Poem of the week: Finding the Keys by Robin Robertson

A vivid tableau of seasonal metamorphoses is as subtle as the biology keeping nature turning

This week's poem, "Finding the Keys", is from Robin Robertson's latest collection, Hill of Doors, just shortlisted for the latest TS Eliot prize. Symphonic in structure, interlaced with sinewy free-verse translations of extracts from Nonnus's Dionysiaca and Ovid's Metamorphoses, the collection has many more doors than a single poem can unlock. But "Finding the Keys" adds potently earthy harmonics to the metaphysical mix, and seems a significant poem in an overall trajectory from turbulence to equilibrium – neither of which, of course, is uncontested, or less than complex.

The first complexity you might notice is of the punning kind. The seeds of the ash-tree are commonly known as "keys". This sparks off a metaphorical infiltration of foliage by the locksmith's gadgetry: "handles", "hinges", "key-holes", "latches". Metaphorical implications apart, these are descriptively suggestive, a fresh-minted visualisation of the clean-cut shapes of twigs and leaves against sky.

The separate descriptive summaries forming lines one and two of the opening couplet lack a finite verb. All four sections of the poem, in fact, are engineered to contrast this kind of vivid "jotting" with fully-formed short sentences, like the interplay of keys and locks. The device gives each trio of couplets a unique rhythmic pattern, in which punctuation (the placing of different degrees of silence) plays a finely judged role.

Winter metamorphoses swiftly into spring in the opening segment, and it seems no more than a hairsbreadth from the bulbs' early shoots to the leafing trees, from anticipatory silence to the soft, excited sounds of life. The summoning of the deer perhaps helps us imagine how it might be to hear so acutely that we can pick up the "tick and crack" of opening buds. Energy is coiled in the verbal noun, "spur" (Dylan Thomas's "green fuse" comes to mind) besides an image of sharp-tipped new foliage.

High summer illuminates the second section.
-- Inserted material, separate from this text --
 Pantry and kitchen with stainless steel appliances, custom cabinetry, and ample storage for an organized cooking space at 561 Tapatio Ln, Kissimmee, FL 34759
The stony riverbed's "small-change colours" are named in shiny metals that re-connect to locks and door-keys. There's a preponderance of marvellous, fragmentary highlights throughout ("The long // spill of birdsong. Flowers, all/ turned to face the hot sky") finally sealed with the simplest of simple sentences, "Nothing stirs".
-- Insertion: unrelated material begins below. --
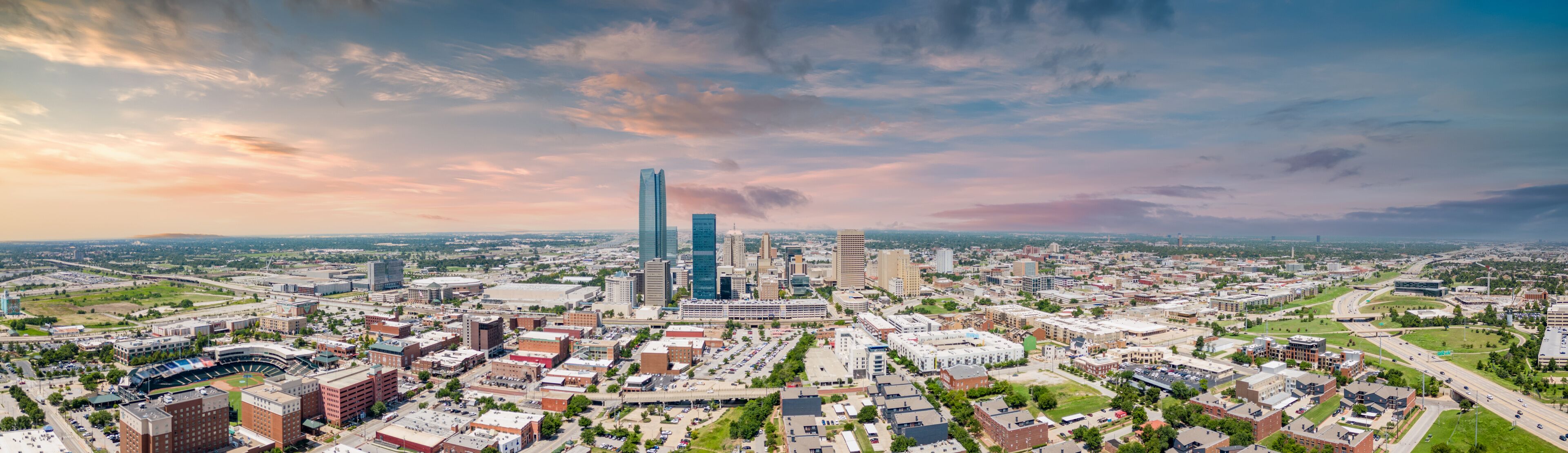 A cityscape with a prominent skyscraper, a stadium, and surrounding urban buildings.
Clearly, to read the poem as a series of tableaux representing the four seasons would be to reduce it. Each segment describes transition, and each participates in a larger process of recurrence and change. The deer return in the next vignette, now making a seasonal disturbance of their own with "the woody clack of antlers". Those despised parts-of-speech, adjectives, earn every bit of their space in this poem, and "woody" is a particularly evocative choice, uniting the deer with their natural element. Then there are the colour-words, denoting different tonal values and playing their own part in the poem's negotiations between symmetry and asymmetry.
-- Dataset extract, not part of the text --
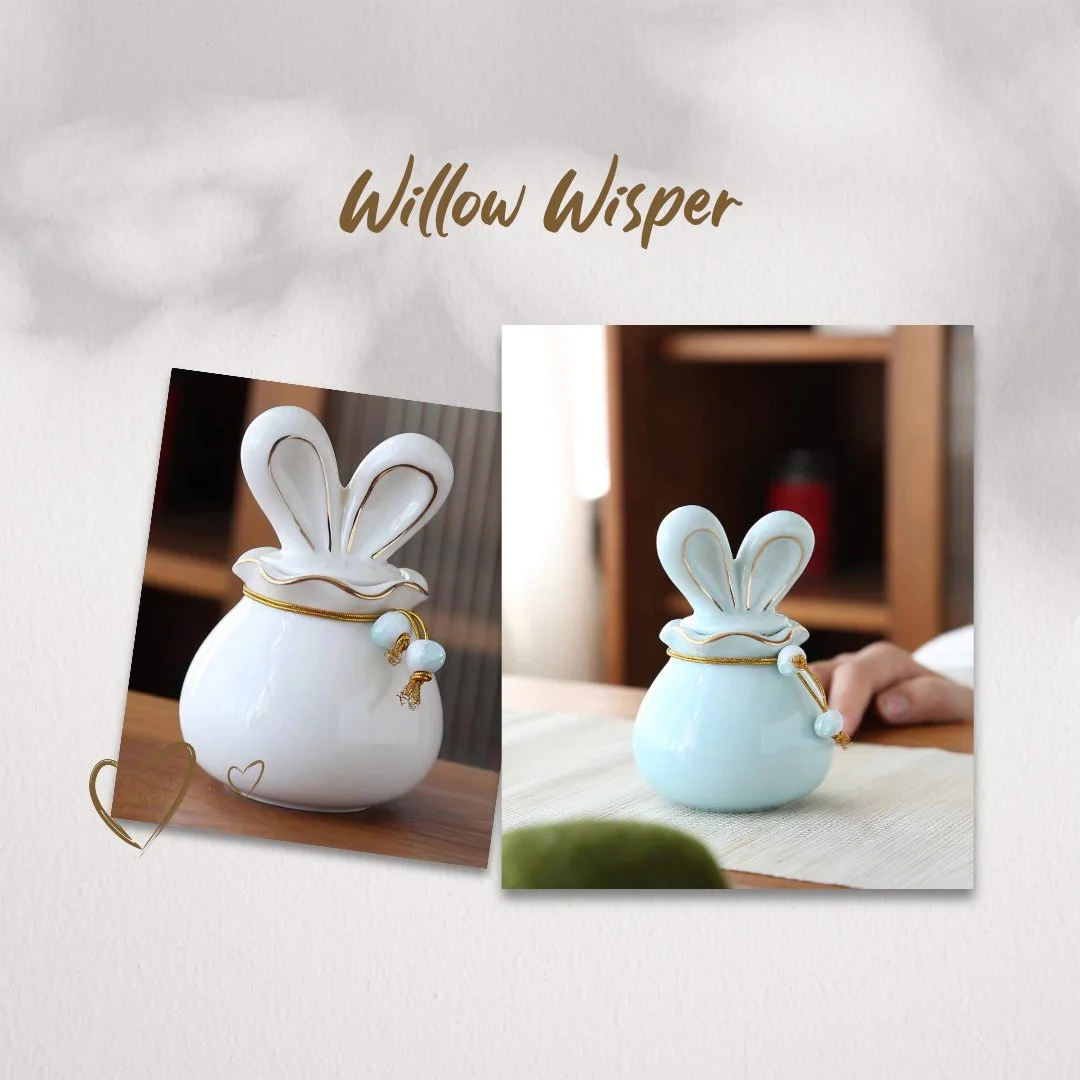 Two ceramic bunny-shaped vases with gold accents, labeled "Willow Whisper." One is white, placed on a wooden surface, and the other is light blue, set on a table with a blurred background.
Pairs ("yellow and red", "stone and pink") both connect and disconnect. A single colour-word becomes an occasion. So when the "yellow and red" that signify the breaking down of carbohydrate in the still-living leaf mutate to "amber", this is the end. In a day, the trees are "lanterned" – a transformation of noun into verb which conveys rapid transition. Then the lanterns themselves are "blown". This is a particularly associative verb, opening up images of breakage: frail glass blown out, lightbulbs blown, high winds that sweep away everything but the "empty stars". Again, the unit is carefully closed, this time with the beautifully cadenced anadiplosis of "Smoke in the air; the air turning". The mid-line semicolon is perfect – and even looks like a keyhole.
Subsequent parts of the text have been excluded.